Friday, May 21, 2010

Is a Jumper a Modest Dress or a Mans Robe?

When I was setting up Modest Clothing Distributors I had my daughter proof-reading and editing some text for the web site. When she finished I noticed that she had deleted the phrase modest jumper every place that I had mentioned it in the text. I exclaimed that we needed to keep that terminology. She came unhinged over that concept. She wanted to rename the jumper, something like a modest over dress, or a modesty vest, or any thing but modest jumper. I promptly explained to her about keywords and of course we kept modest jumper in the text.

The jumper is, of course, a staple for the modest clothing industry. It reminds us of an era bypassed by the hustle and bustle of women clawing alongside their male counterparts to reach the top of the ladder, and somehow we feel like modest clothing doesn't fit into that picture. The jumper, or modest over dress (as we began to call it) though, evokes images of little girls wearing a modest dress at school and play and a frilly, little, dress to church on Sunday.

But why is it called a jumper and not a modest over dress? My wife and girls surmise that maybe it's because the modest girl has to jump into the dress because there is usually no zipper or buttons. Or maybe it's because girls jumped around in the modest over dress all the time. One of my girls thought that it was because they only played jump rope when girls wore a modest dress everyday. Then the youngest guessed that it's called a jumper because they always played hop scotch in the “days of modest clothing”.

Needless to say we have had a lot of fun trying to guess why the modest over dress is called a jumper. Since dad is a quasi pointy head, I had to find out the history and etymology of the term jumper. The first thing I found was that in British English a jumper is a sweater. That was curious, because a modest over dress looks nothing like a sweater. So why is the modest over dress called a jumper? Well it seems that jumper is a derivative of the French word jupe. This seemed to be getting a little closer, because jupe means skirt. It still puzzled me though because a skirt is only half of a modest dress. Finally, I fell upon the theory that jumper ultimately derives from the Arabic jabba. Imagine my despair when I found a modest clothing web site selling jabbahs, to men. A jabba (or jabbah) is not a modest dress for women at all, but a long robe worn by Arab men.

I guess we will never really know why the modest over dress is called a jumper, but since the majority of women looking for modest clothing are going to type jumper into the search engines, at Modest Clothing Distributors, modest over dress is out and jumper is in

Monday, March 1, 2010

Is a Jumper a Modest Dress or a Mans Robe?

When I was setting up Modest Clothing Distributors I had my daughter proof-reading and editing some text for the web site. When she finished I noticed that she had deleted the phrase modest jumper every place that I had mentioned it in the text. I exclaimed that we needed to keep that terminology. She came unhinged over that concept. She wanted to rename the jumper, something like a modest over dress, or a modesty vest, or any thing but modest jumper. I promptly explained to her about keywords and of course we kept modest jumper in the text.
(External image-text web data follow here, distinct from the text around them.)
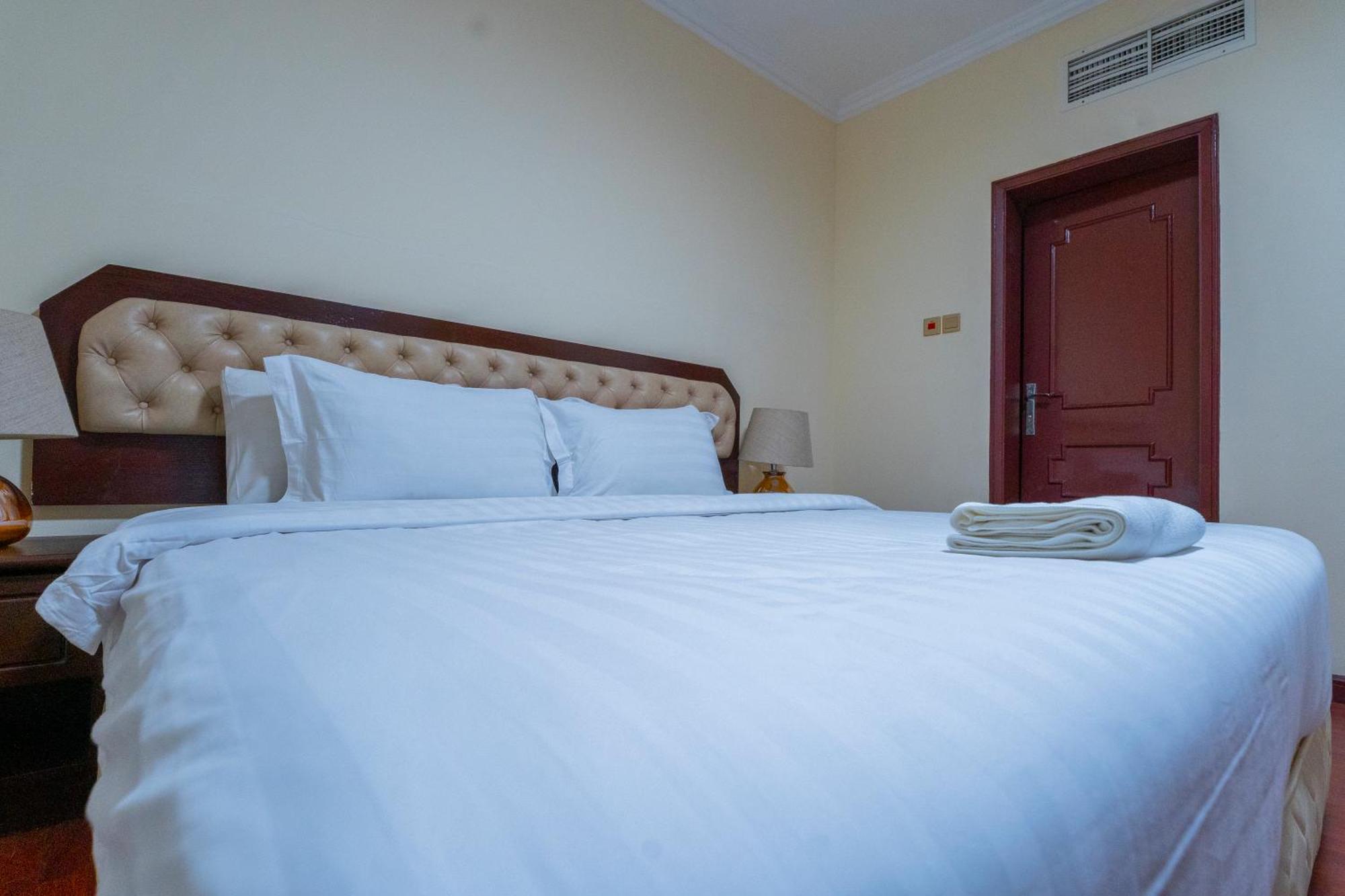 Majestic Hotel Manama Exterior photo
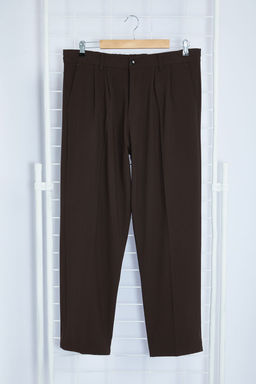 Kahverengi Pileli Klasik Baggy Fit Kumas Pantolon TMNSS24PL00024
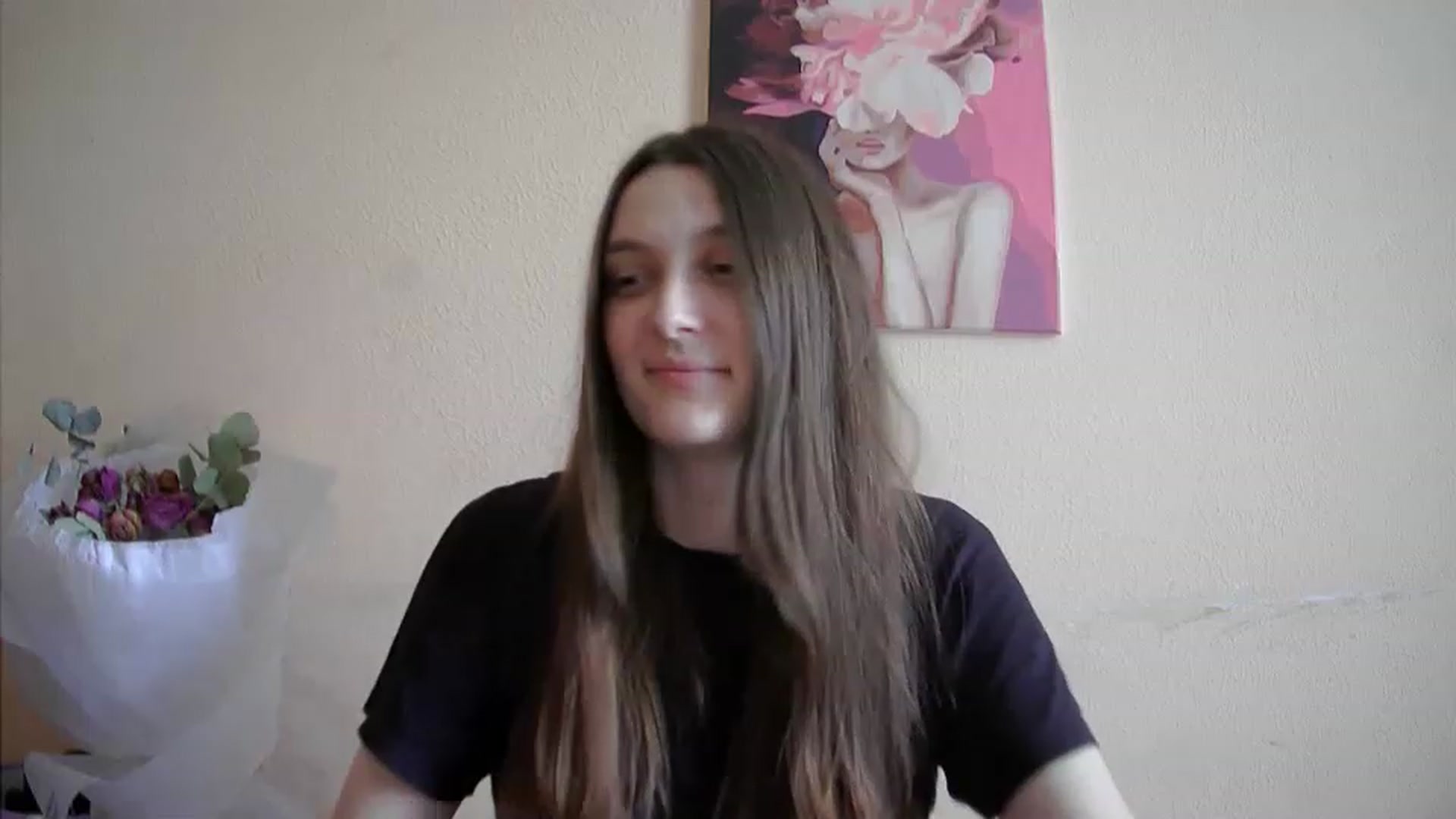 Gallery image thumbnail from Vl_Roze's myfreecams stream on, 05/28/2023, 12:28 image 18 of 20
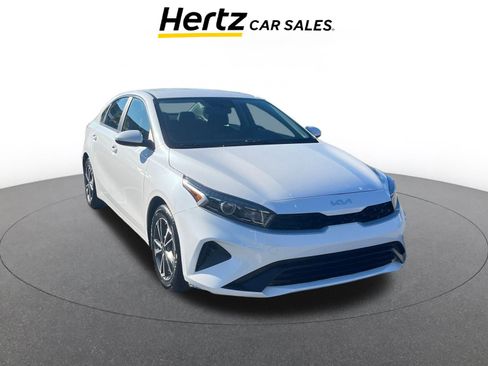 Used 2023 Kia Forte LXS image 1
The jumper is, of course, a staple for the modest clothing industry. It reminds us of an era bypassed by the hustle and bustle of women clawing alongside their male counterparts to reach the top of the ladder, and somehow we feel like modest clothing doesn't fit into that picture. The jumper, or modest over dress (as we began to call it) though, evokes images of little girls wearing a modest dress at school and play and a frilly, little, dress to church on Sunday.

But why is it called a jumper and not a modest over dress? My wife and girls surmise that maybe it's because the modest girl has to jump into the dress because there is usually no zipper or buttons. Or maybe it's because girls jumped around in the modest over dress all the time. One of my girls thought that it was because they only played jump rope when girls wore a modest dress everyday. Then the youngest guessed that it's called a jumper because they always played hop scotch in the “days of modest clothing”.

Needless to say we have had a lot of fun trying to guess why the modest over dress is called a jumper. Since dad is a quasi pointy head, I had to find out the history and etymology of the term jumper. The first thing I found was that in British English a jumper is a sweater. That was curious, because a modest over dress looks nothing like a sweater. So why is the modest over dress called a jumper? Well it seems that jumper is a derivative of the French word jupe. This seemed to be getting a little closer, because jupe means skirt. It still puzzled me though because a skirt is only half of a modest dress. Finally, I fell upon the theory that jumper ultimately derives from the Arabic jabba. Imagine my despair when I found a modest clothing web site selling jabbahs, to men. A jabba (or jabbah) is not a modest dress for women at all, but a long robe worn by Arab men.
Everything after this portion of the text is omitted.